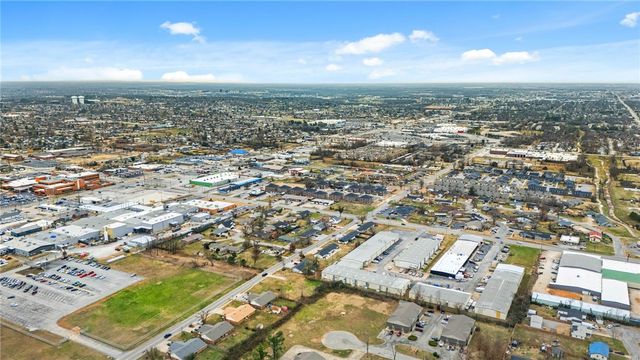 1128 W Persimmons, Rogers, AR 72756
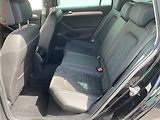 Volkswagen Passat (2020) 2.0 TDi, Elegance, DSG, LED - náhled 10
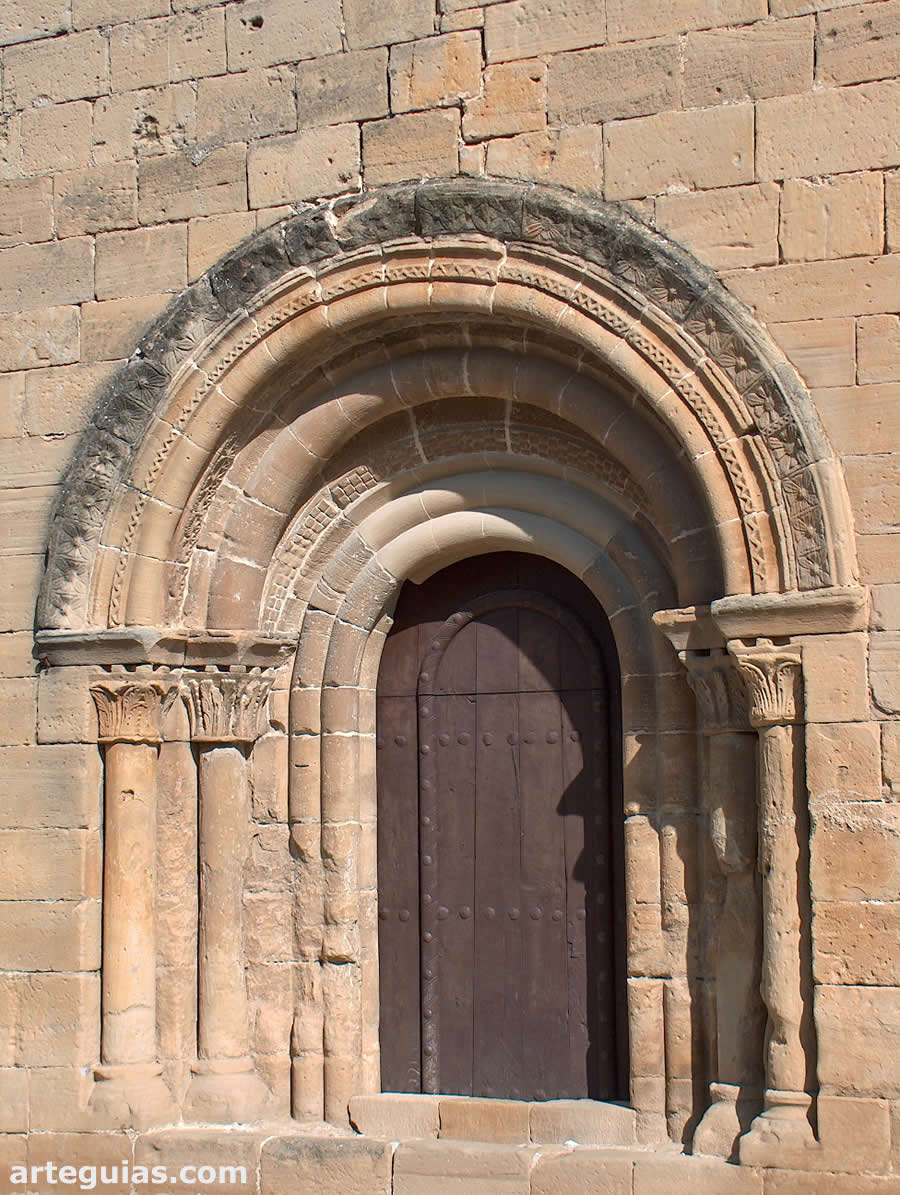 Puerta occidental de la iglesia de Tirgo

::::

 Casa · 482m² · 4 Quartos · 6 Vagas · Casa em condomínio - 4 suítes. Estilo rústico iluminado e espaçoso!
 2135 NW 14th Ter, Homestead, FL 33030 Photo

::::

[EXERCISE DESCRIPTION]: Beginning with the line holding "1128 W Persimmons, Rogers, AR 72756" in the material above, restate word for word each line through the line holding "Puerta occidental de la iglesia de Tirgo", and exclude pictures.

[RESPONSE FOR THIS EXERCISE]:
 1128 W Persimmons, Rogers, AR 72756
 Volkswagen Passat (2020) 2.0 TDi, Elegance, DSG, LED - náhled 10
 Puerta occidental de la iglesia de Tirgo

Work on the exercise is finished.